Captioned web image data:
Start of Block
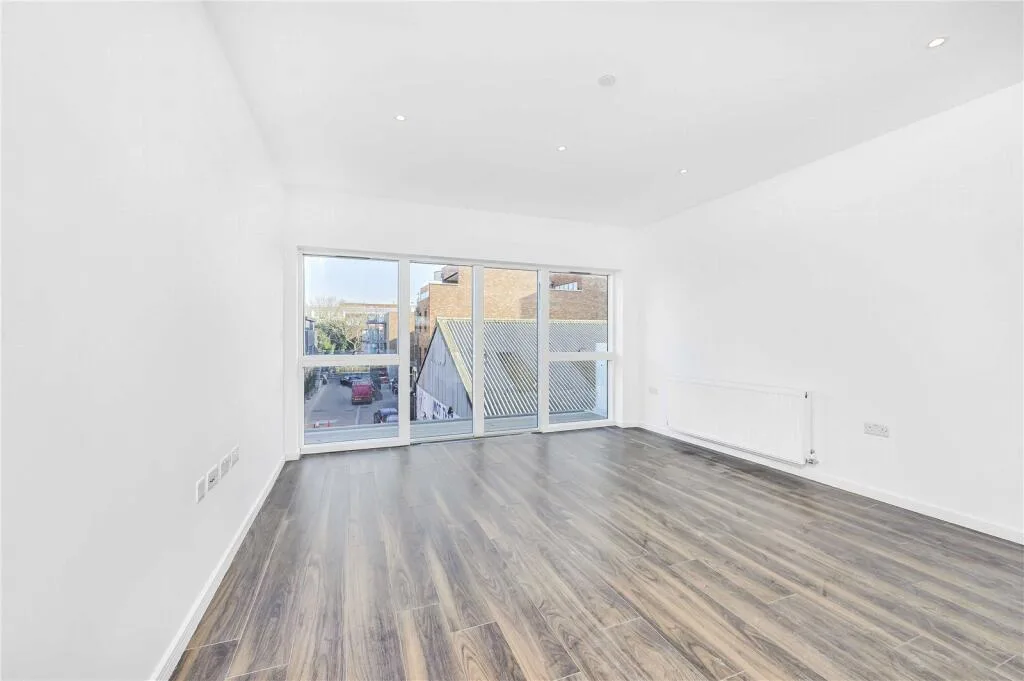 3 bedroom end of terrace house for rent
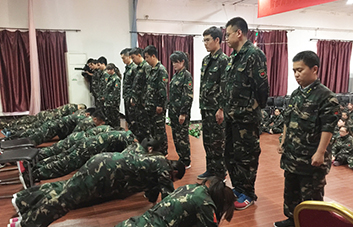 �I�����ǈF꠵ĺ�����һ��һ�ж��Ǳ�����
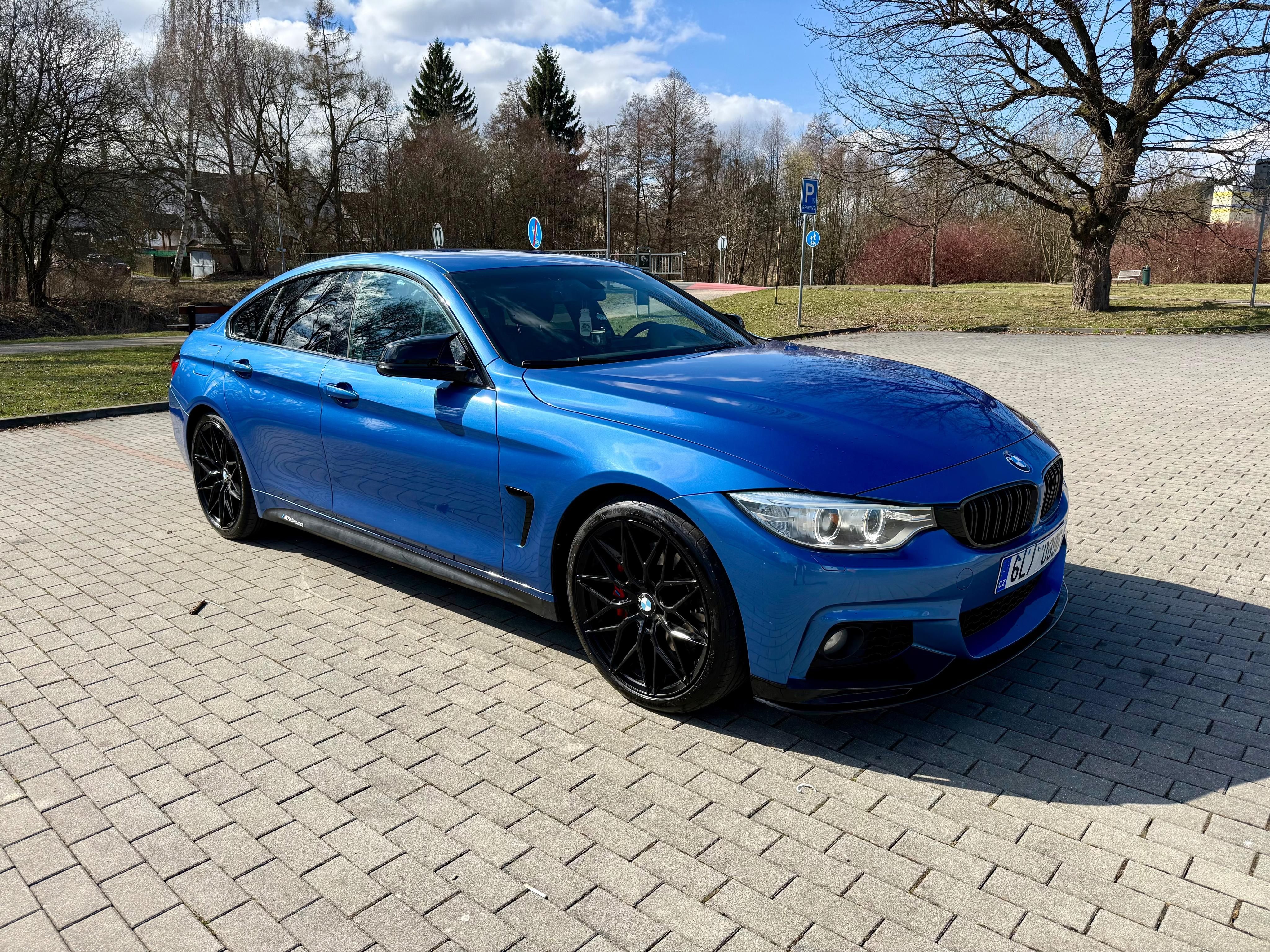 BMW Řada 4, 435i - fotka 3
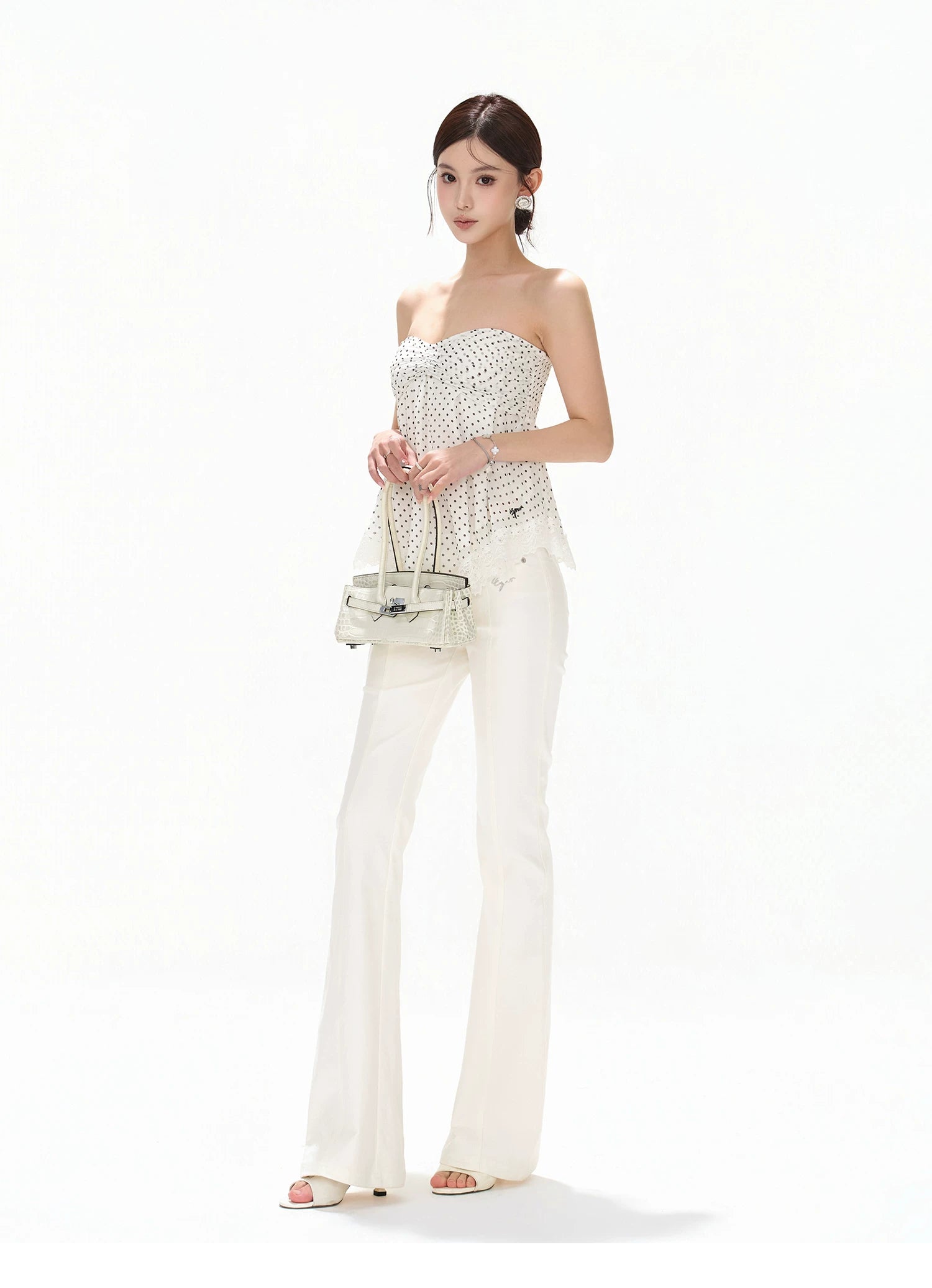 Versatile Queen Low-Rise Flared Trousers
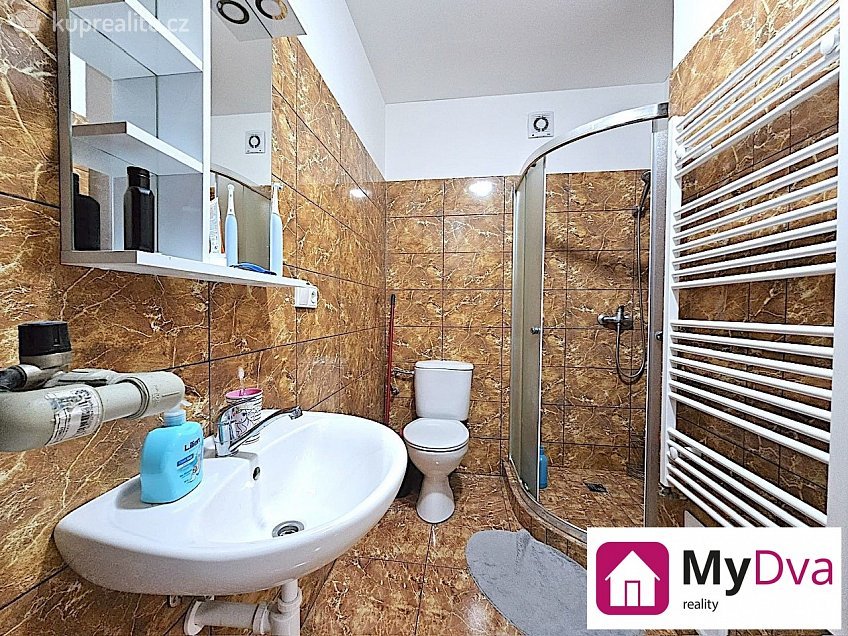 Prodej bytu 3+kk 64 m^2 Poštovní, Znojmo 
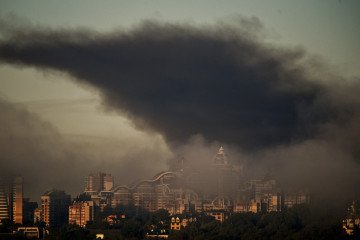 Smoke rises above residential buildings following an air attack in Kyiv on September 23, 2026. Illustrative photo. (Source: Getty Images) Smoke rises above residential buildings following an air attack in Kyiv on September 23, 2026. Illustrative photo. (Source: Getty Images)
End of Block
Task item: Repeat each record as given. No picture belongs in the copy.

Output below:
 3 bedroom end of terrace house for rent
 �I�����ǈF꠵ĺ�����һ��һ�ж��Ǳ�����
 BMW Řada 4, 435i - fotka 3
 Versatile Queen Low-Rise Flared Trousers
 Prodej bytu 3+kk 64 m^2 Poštovní, Znojmo 
 Smoke rises above residential buildings following an air attack in Kyiv on September 23, 2026. Illustrative photo. (Source: Getty Images) Smoke rises above residential buildings following an air attack in Kyiv on September 23, 2026. Illustrative photo. (Source: Getty Images)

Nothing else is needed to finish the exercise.